Previous studies indicated that CD8+ T cells might play a crucial role in restricting HSV-ane infection (Marrack and Kappler, 1987; Simmons, 1989). In line with the classic paradigm that HSV-one infection is controlled past CD8+ T cells, MHC-I-restricted CD8+ T cells can be recovered from lymph nodes draining into herpetic lesions after HSV-1 infection on 24-hour interval 4 (Nash et al., 1980). CD8+ T cells also have an ability to shut down HSV-1 infection in the trigeminal ganglia (TG) and prevent neurologic damage, and the response of CD8+ T cells could exist divided into acute and latent phases (Simmons and Tscharke, 1992; Liu et al., 2000). In the mouse model, the infiltration peaks of CD8+ T cells in mouse ganglia occurred on Mean solar day 12, and a great number of CD8+ T cells persisted in the ganglia for up to 90 d. Using a murine flank scarification model, CD8+ T cells were observed to be involved in inhibiting HSV-i replication in the draining ganglia (Simmons et al., 1992). In terms of effector molecules that are associated with CD8+ T cells mediating immunity, alternatively it was reported that IFN-γ non simply might exert an antiviral event and block the replication of numerous viruses in vitro, but also has an antiviral activity in controlling HSV-1 infection in main human neurons and astrocytes (Li et al., 2011; 2012). Furthermore, another possible effector molecule is granzyme A (GrA), and the animals deficient in GrA show the decreased viral clearance from infection sites after peripheral HSV-ane inoculation (Pereira et al., 2001).

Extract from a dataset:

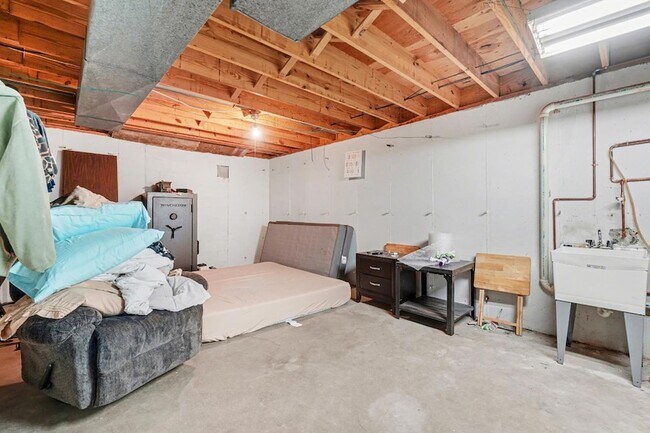 Building Photo - 24981 State Line Rd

The CD8+ T cells might interact with many APCs during HSV-one infection, such as DCs and ganglionic cells. The type and condition of APC used to characterize CD8+ T jail cell responses are as well critically important for the inhibition of HSV-1 infection. Compared with B cells, the fibroblasts are more than susceptible to HSV-one-mediated downwards-regulation of human leukocyte antigen class I (HLA-I) and they were observed to poorly re-stimulate retentiveness CD8+ T prison cell responses (Yasukawa and Zarling, 1984; Kohl, 1991; Tigges et al., 1996).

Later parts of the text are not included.